▸ Dataset section
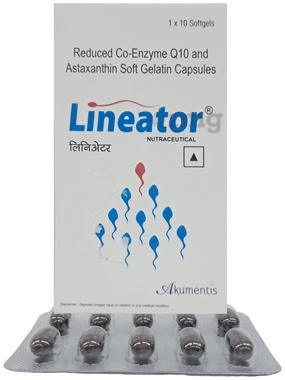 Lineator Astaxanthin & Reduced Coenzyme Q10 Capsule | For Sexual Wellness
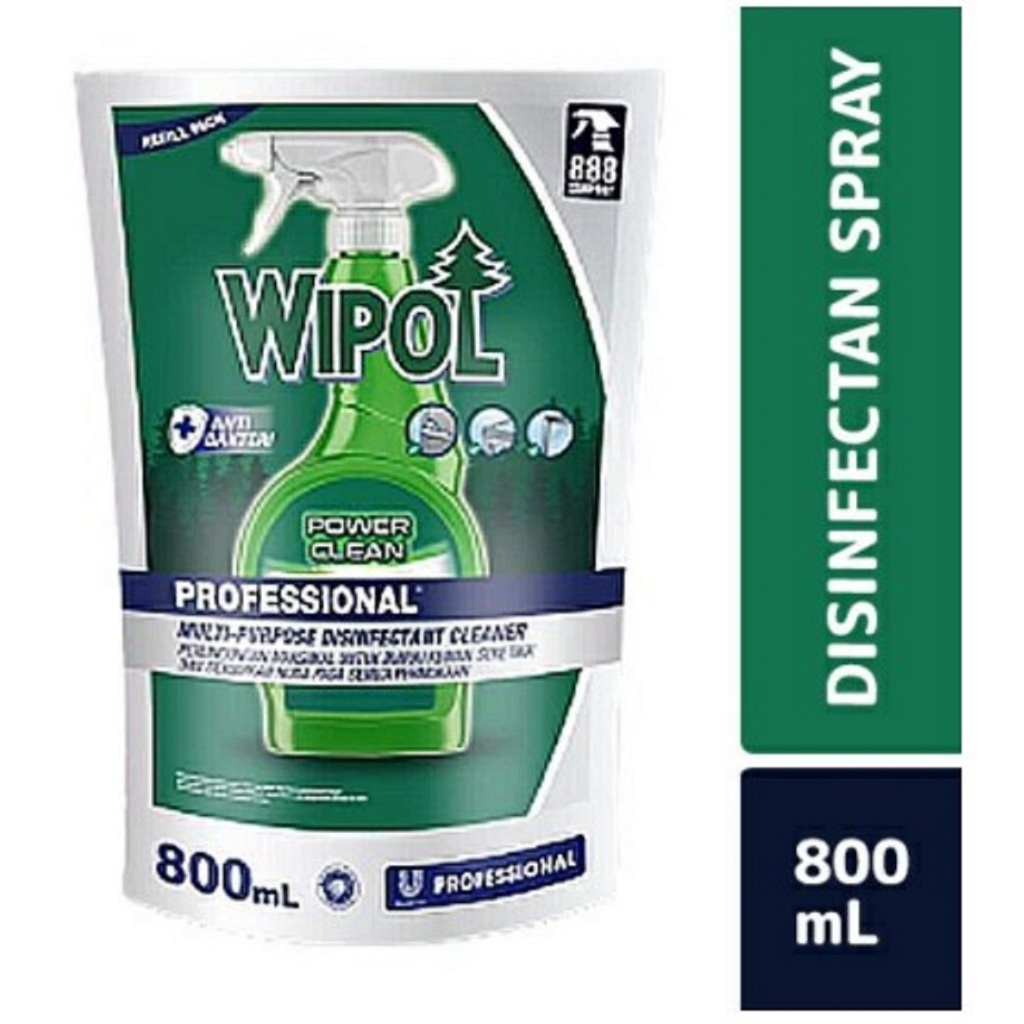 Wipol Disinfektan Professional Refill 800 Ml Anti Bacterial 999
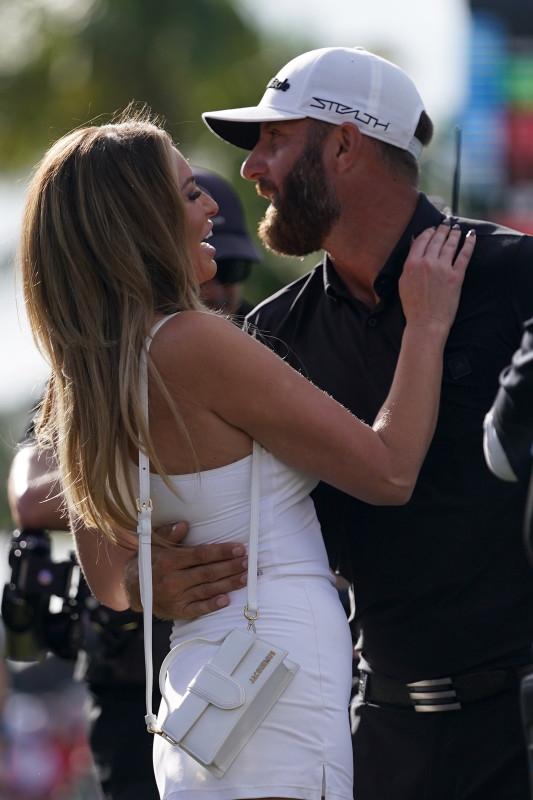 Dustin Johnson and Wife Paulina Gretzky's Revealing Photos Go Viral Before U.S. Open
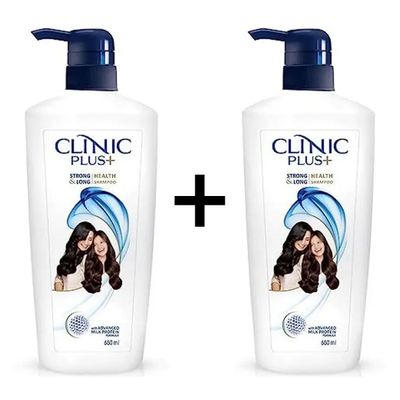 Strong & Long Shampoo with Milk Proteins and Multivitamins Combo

▸ Try it
Repeat every line above precisely; pictures do not belong in the copy.

▸ Response
 Lineator Astaxanthin & Reduced Coenzyme Q10 Capsule | For Sexual Wellness
 Wipol Disinfektan Professional Refill 800 Ml Anti Bacterial 999
 Dustin Johnson and Wife Paulina Gretzky's Revealing Photos Go Viral Before U.S. Open
 Strong & Long Shampoo with Milk Proteins and Multivitamins Combo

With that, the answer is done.